Objective: to determine the health status of children with vitamin D deficiency at different ages and to evaluate the effectiveness of vitamin D prevention in young children.

1. Anamnesis analysis, assessment of physical development and health of young children.

2. To study the presence of vitamin D, to identify low-risk factors and its relationship with the health of children in the first three years of life.

3. To study the indicators of phosphorus-calcium metabolism in children of the first three years of life with different levels of vitamin D.

4. Assessment of bone strength in young children by ultrasound densitometry, depending on the presence of vitamin D.

5.To evaluate the effectiveness of vitamin D prophylaxis in correcting its deficiency /deficiency in young children.

Material and method: A study was conducted in 105 patients.Of these, 10 are pregnant women, 15 mothers, 30 young children and 50 school-age children:Measures to explain the risk of vitamin D deficiency in young children and the need for preventive vitamin D intake before and during pregnancy and for the prevention of acute and chronic infectious and inflammatory diseases in pregnant women.
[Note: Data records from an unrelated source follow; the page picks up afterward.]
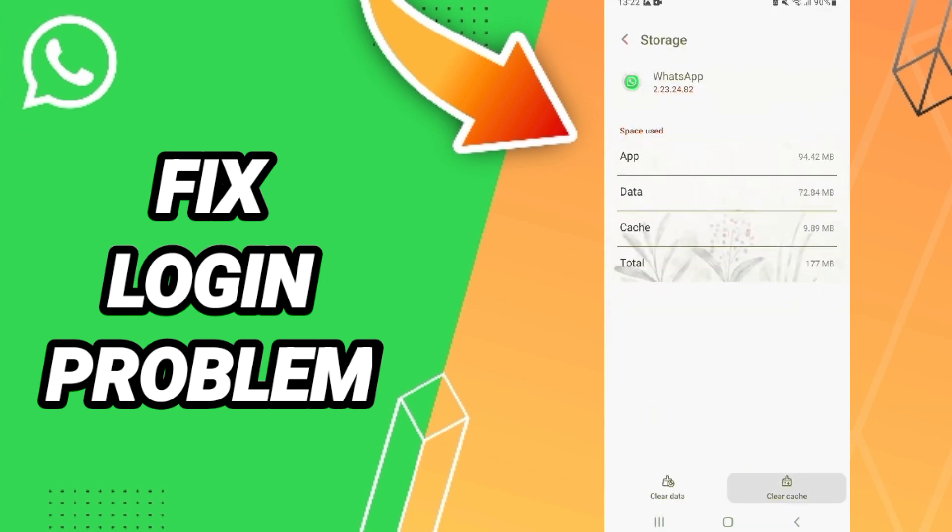Here we click clear cache. Don't click clear data because that can cause errors in your app.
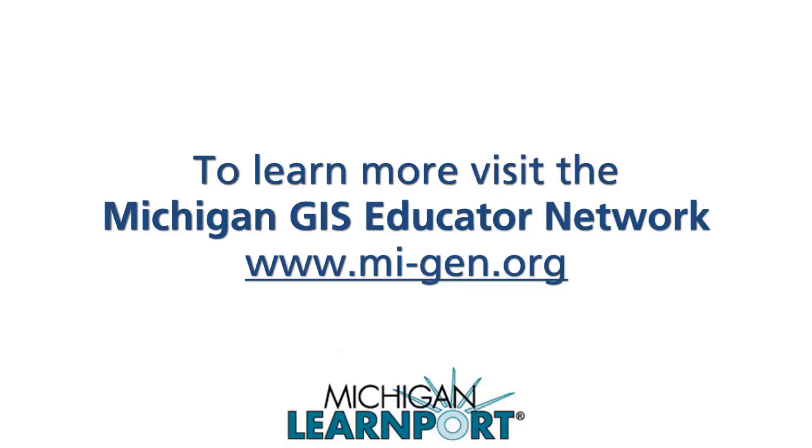To learn more, visit the Michigan GIS Educator Network at www.mi-gen.org.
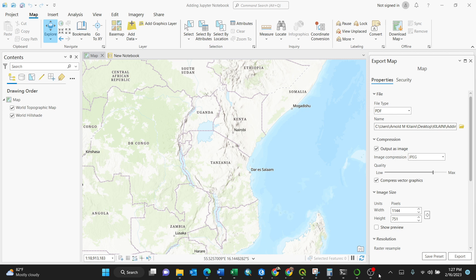Hello everyone, in this video I'm going to show you how to add a Jupyter notebook in ArcGIS Pro. This is the map canvas, so in the map canvas of ArcGIS Pro you need to click on the Insert button.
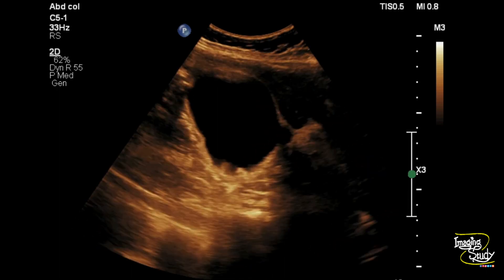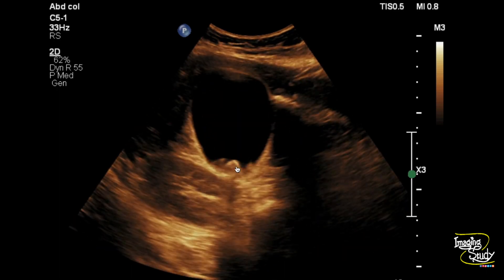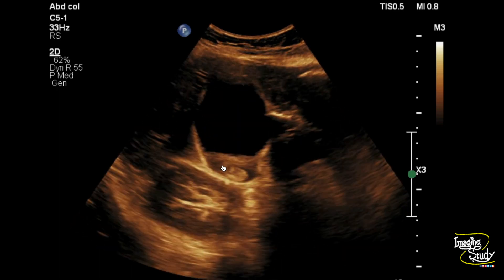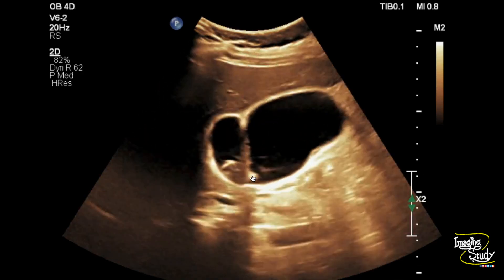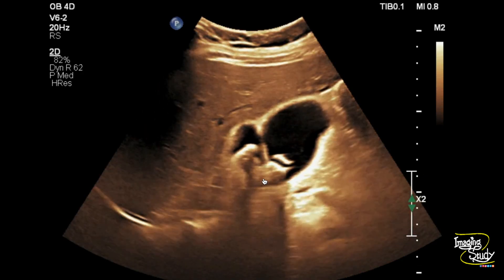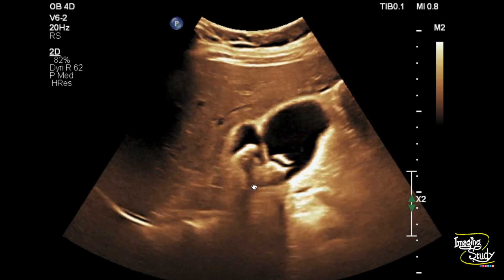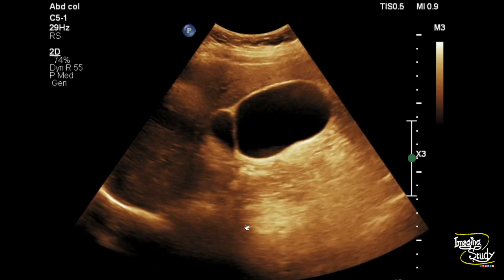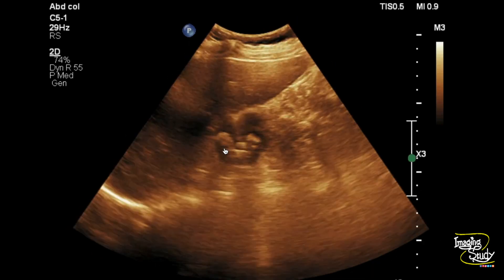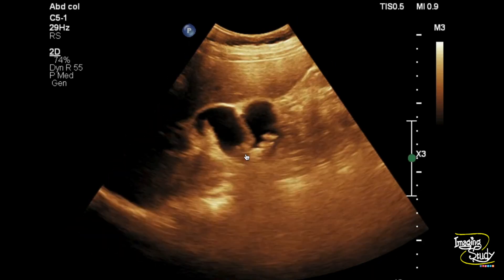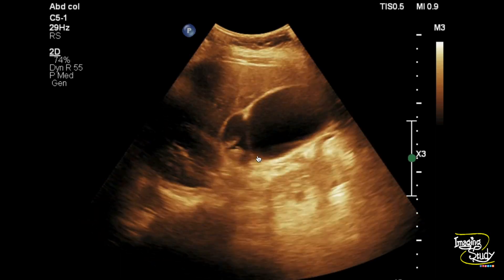Here you can see the longitudinal section of the gallbladder. You can see multiple bright echogenic structures of variable size seen within the gallbladder lumen, casting posterior acoustic shadows. Right now, due to gravity, they are within the posterior wall. These echogenic structures are nothing but the gallbladder calculi.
Result: Vitamin D intake for 30 children for prophylactic administration in young children is 1.9 ng /ml per 33.9 schoolchildren, the best indicators of semi-safety were found in children of the first year of life for young children; The highest frequency of vitamin D deficiency occurs in children aged two (46.7%) and three (88.5%) years. The absolute risk of vitamin D deficiency increases by 49.3% by the age of three. AP = 49.3% CI 95% of mothers with preeclampsia during pregnancy (or = 4.2 CI 95% [1.9-9.1]); vitamin D deficiency prevention of rickets (or = 3.5 CI 95 [1.6-7.3]); feeding period before the introduction of complementary foods (or = 5.2; CI 95% [1.8-14,4]). Vitamin D deficiency increases the risk of frequent respiratory diseases in young children by 10 times. Vitamin D has been shown to have no effect on physical development or bone strength. There is no correlation between vitamin D levels and the "traditional" symptoms for rickets — neck width and delayed tooth extraction. Vitamin D deficiency should be considered not only as a nutritional problem, but also as an endocrinological problem. Evidence has been obtained that low vitamin D levels increase the likelihood of developing various diseases of the skeleton, that these are non-calcemic manifestations of vitamin D deficiency and that taking vitamin D preparations can improve the health of the population Vitamin D in the skin is involved in the differentiation of

keratocytes, growth and regeneration of hair, and its deficiency increases the risk of alopecia. Low vitamin D levels can also lead to decreased reproductive function, which can lead to infertility. Renal pathology also leads to the development of vitamin D deficiency; however, vitamin D deficiency contributes to the exacerbation of kidney disease. Vitamin D helps to reduce proteinuria in stage 3-4 of chronic kidney disease. Vitamin D deficiency is associated with increased excretion of stone-forming substances (calcium, uric acid, oxalates, cystine) and increased diuresis; decreased bone strength in patients with urolithiasis. A decrease in vitamin D levels leads to type 2 diabetes and its complications. Taking vitamin D supplements reduces the risk of developing type 1 diabetes. Vitamin D receptors bind calcitriol, increasing the expression of the gene responsible for "suppressing aging" and reducing wrinkles on the skin. The "slow" effect of vitamin D on muscle tissue affects the metabolism of calcium phosphate, prevents atherosclerosis, forms the structure of muscle cells and differentiates myelocytes. Vitamin D also plays an important role in the level of intracellular calcium and in the movement of muscle fiber strands. Vitamin D has neuroprotective and neurotrophic effects, and also affects the recovery of the central nervous system after injuries. Vitamin D deficiency affects mental function and is associated with cerebrovascular pathology (stroke, heart attack and ischemic stroke), hyperactivity, attention deficit disorder; increases the frequency of cognitive impairment.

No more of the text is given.